Removing the special symbols in data.frame column values

Question

I have two data frame each with a column Name

df1:

name  
@one2  
!iftwo  
there_2_go  
come&go

df1 = structure(list(name = c("@one2", "!iftwo", "there_2_go", "come&go")),.Names = c("name"), row.names = c(NA, -4L), class = "data.frame")

df2:

name  
One2  
IfTwo#  
there-2-go  
come.go



df2 = structure(list(name = c("One2", "IfTwo#", "there-2-go", "come.go")),.Names = c("name"), row.names = c(NA, -4L), class = "data.frame")

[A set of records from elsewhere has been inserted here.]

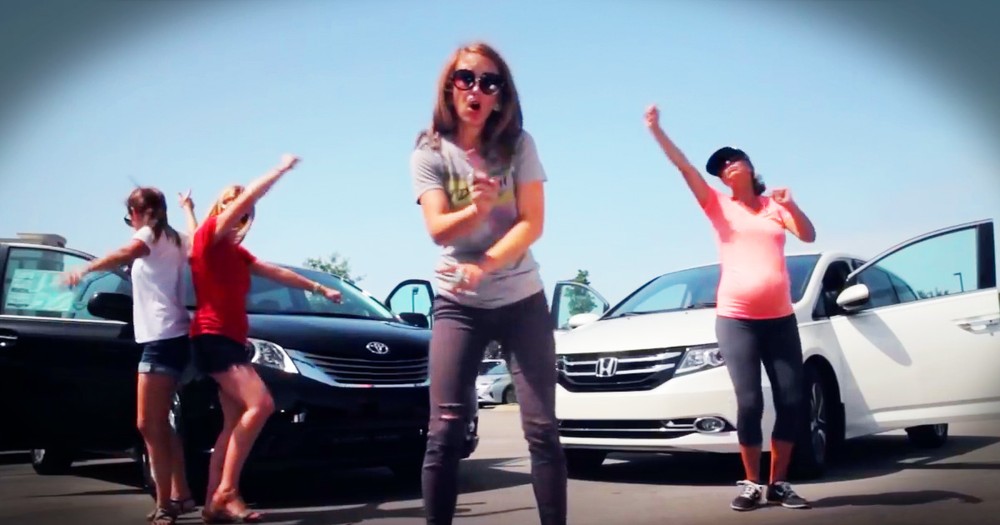 Funny Mommas Sing Hilarious Parody About Minivans 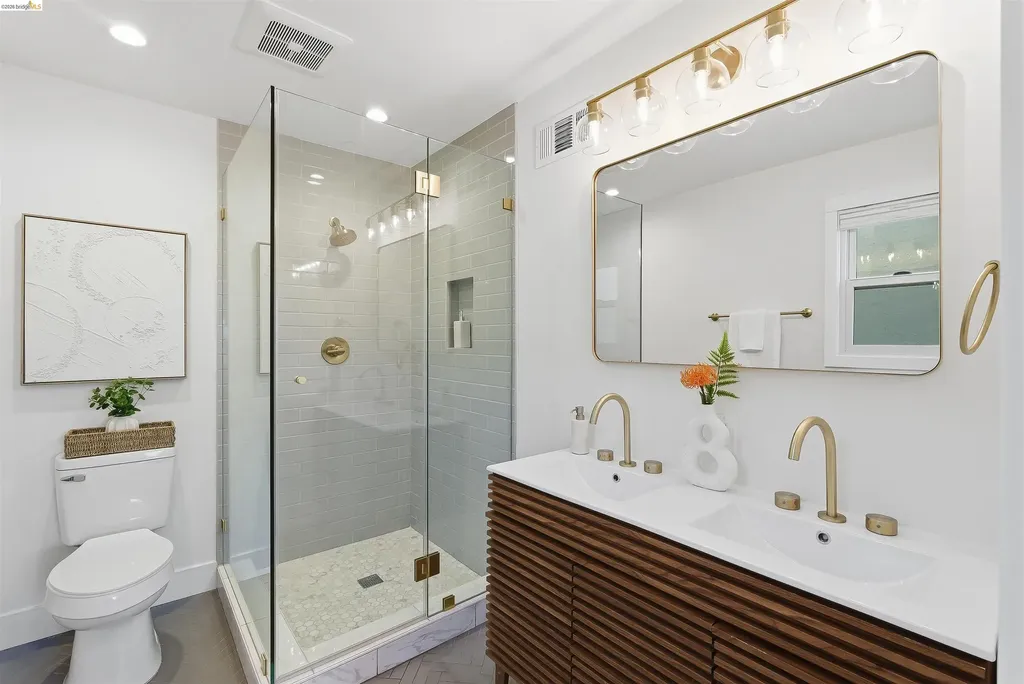 712 Masonic Albany CA 94706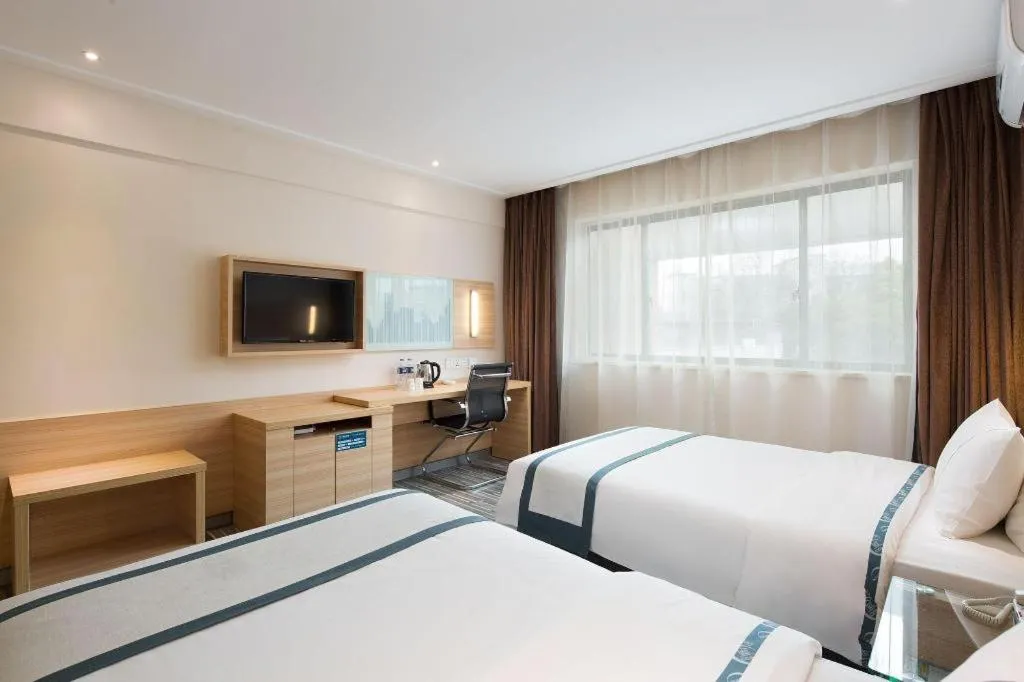 Bed in City Comfort Inn Changsha Yuelu Mountain Meixi Lake Park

Now to compare the two data frames for inequality is cumbersome because of special symbols using %in%. To remove the special symbols using stringR can be useful. But how exactly we can use stringR functions with %in% and display the mismatch between them

have already done the mutate() to convert all in lowercasestoLower()as follows

df1<-mutate(df1,name=tolower(df1$name))
df2<-mutate(df2,name=tolower(df2$name))

Current output of comparison:

df2[!(df2 %in% df1),]
[1] "one2"       "iftwo#"     "there-2-go" "come.go"

Expected output as essentially the contents are same but with special symbols:

 df2[!(df2 %in% df1),]
 character(0)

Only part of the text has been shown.